Lale Devri’nde ilk kağıt fabrikasının burada kurulması sonucunda semt Kağıthane olarak adlandırılmış.
Kanuni Sultan Süleyman devrinde ilgi gören bölge, III. Ahmet ile Lale Devri’nde (1718 – 30) en şaşalı günlerine ulaşmış. Ana mesire yeri “Yüz Bayındır Yer” anlamına gelen Sadabadolarak isimlendirilmiş.
Cafer Çelebi’nin Hevesnamesi’ne bakılırsa Kağıthane Deresi’nin iki yanı lalelerin güllerin açtığı çimenlikmiş. Güzelliği insanlara cenneti unuttururmuş. İşte burada Nevşehirli Damat İbrahim Paşa Yirmisekiz Çelebi Mehmet Efendi’nin Versailles köşk ve bahçelerine ilişkin Fransa’dan getirdiği planlardan esinlenerek Sadabad Kasr-ı Cinan, gibi adlarla anılan köşk ve kasırlar yaptırmış. Ancak bunlar 1730 yılındaki Patrona Halil İsyanı sonrasında tahrip edilmiş.

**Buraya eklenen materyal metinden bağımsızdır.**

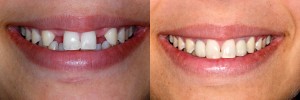 Melbourne-dental-implants- (1)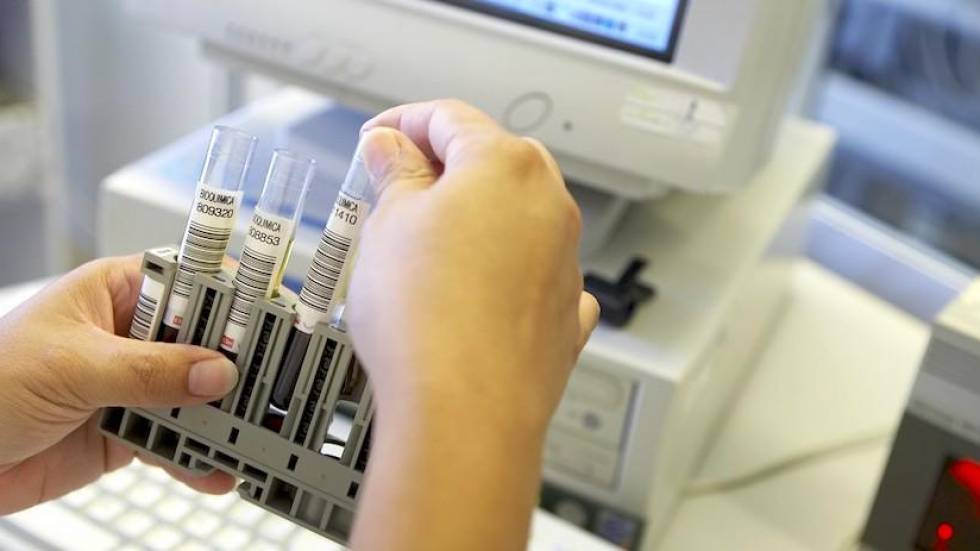 Muestras de sangre. Imagen de archivo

III. Selim ve II. Mahmut dönemlerinde yeni yapılar inşa edilmiş. Birinci Dünya Savaşı sırasında tahrip olan köşkler ve kasırlar 1943’te yıktırılmış.
Sadabad ya da Kağıthane Camisi III. Ahmed döneminde yaptırılmış. III. Selim ve II. Mahmut dönemlerinde yenilenmiş. Kare planlı, tek kubbeli ve minareli caminin girişinde Abdülaziz’in tuğrası yer alıyor.
Sütlüce Halıcıoğlu
Halıcıoğlu Osmanlı sultanlarının 19. yüzyılda giriştiği reformcu atılımlara zemin olmuş bir bölge. III. Selim döneminde yenileşmenin önemli adımlardan Humbaracı Kışlası (1792) ve Mühendishane-i Berri Hümayun burada kuruluyor. Yeni teknolojiler, ileri görüşler burada sınanıyor. Bu yapılar üzerine kurulu Halıcıoğlu Kışlası Fatih Köprüsü ve çevreyolu yapımlarından sonra terk edilmiş.
Deniz kıyısındaki Humbaracı Kışlası Mescidi (Halıcıoğlu Camisi) 1793’de Humbaracılar Kışlası için yaptırılmış. Tek kubbeli ve çifte minareli caminin bir tarafı humbaracılara, bir tarafı lağımcılara ayrılmış.
Köprü ayağının Sütlüce tarafında bulunan ve bugün Askerlik Dairesi Başkanlığı olarak kullanılan bina da 1795’te yapılmış.
Sütlüce Mezbahası karşısında uykuluk ızgarası yapan lokantalardan önceki Sütlüce Evleri’nin geçen yy sonunda Keresteci İsmail Hakkı tarafından yapıldığı belirtiliyor. Alınlıklarda belli süreleri içeren çerçeveler bulunuyor.
Bugün işlevi tamamlama süresince olan Sütlüce Mezbahası 1923 yılında yapılmış. Mimarları I. Ulusal Mimarlık Dönemi’nden Ahmet Burhanettin, Osman Fıtri, Makro Logos, Kuleleri ile dikkati çeken binanın bir kültür merkezi olması umuluyor.